■ Stored data
╭──
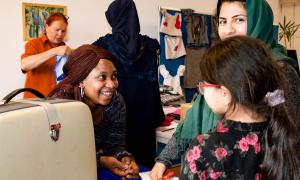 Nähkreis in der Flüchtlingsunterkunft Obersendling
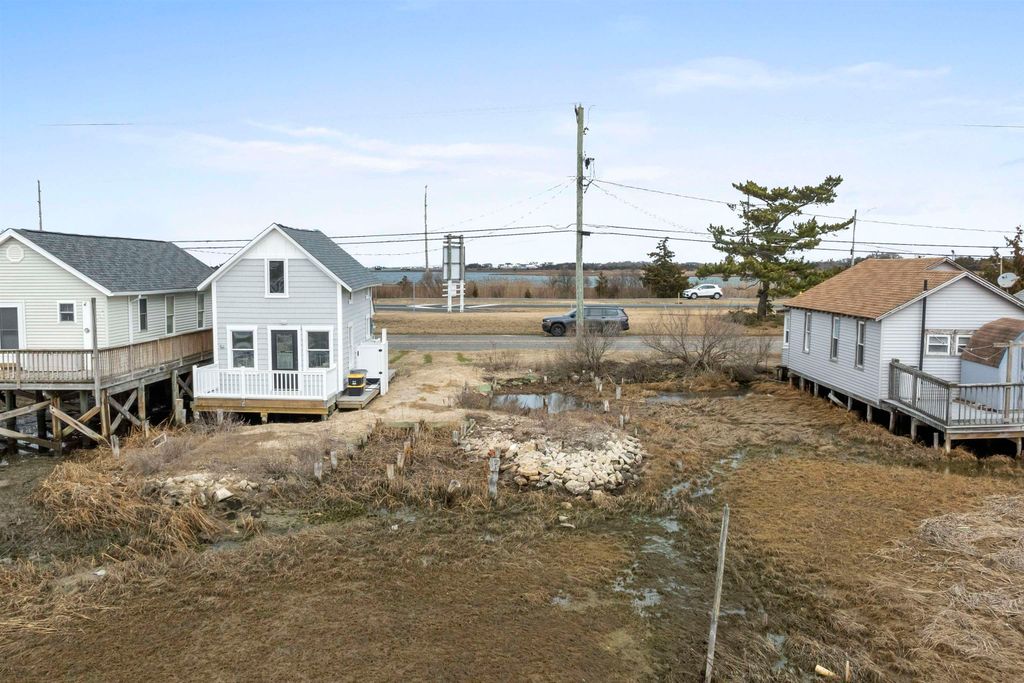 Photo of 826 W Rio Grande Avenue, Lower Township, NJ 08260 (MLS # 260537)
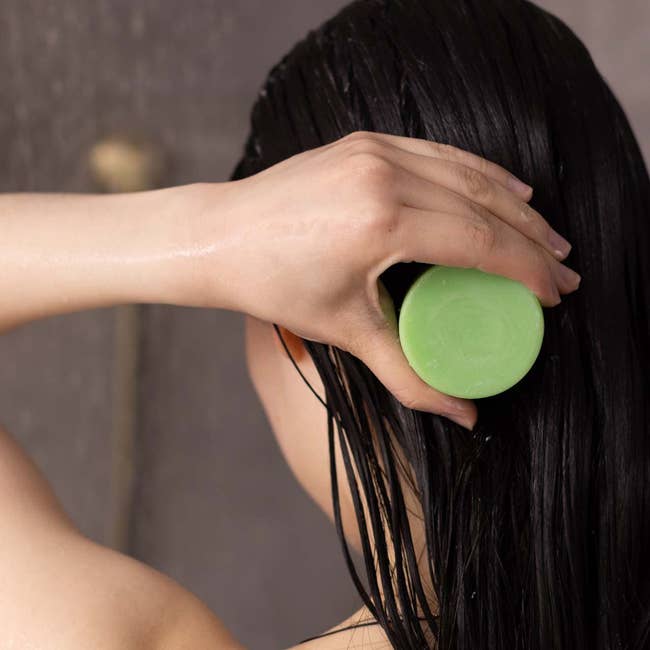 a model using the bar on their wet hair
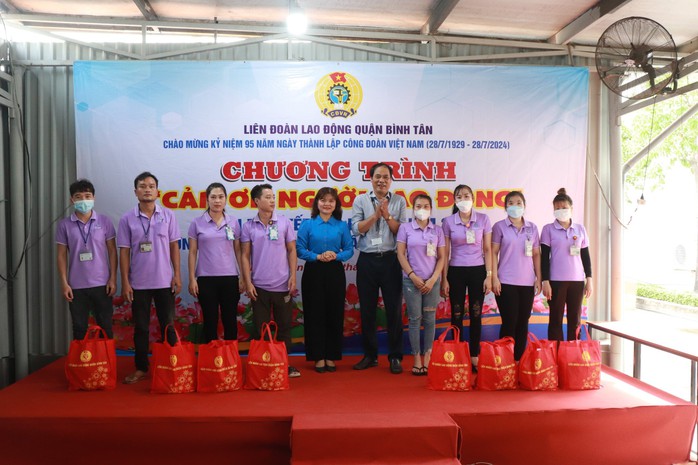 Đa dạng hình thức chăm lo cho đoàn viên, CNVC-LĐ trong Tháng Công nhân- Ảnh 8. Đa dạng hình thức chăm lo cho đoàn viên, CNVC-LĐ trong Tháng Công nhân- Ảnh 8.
╰──
A word-for-word copy of the lines from the start of the listing through the line containing "a model using the bar on their wet hair" is the answer. Pictures stay out of it.

 Nähkreis in der Flüchtlingsunterkunft Obersendling
 Photo of 826 W Rio Grande Avenue, Lower Township, NJ 08260 (MLS # 260537)
 a model using the bar on their wet hair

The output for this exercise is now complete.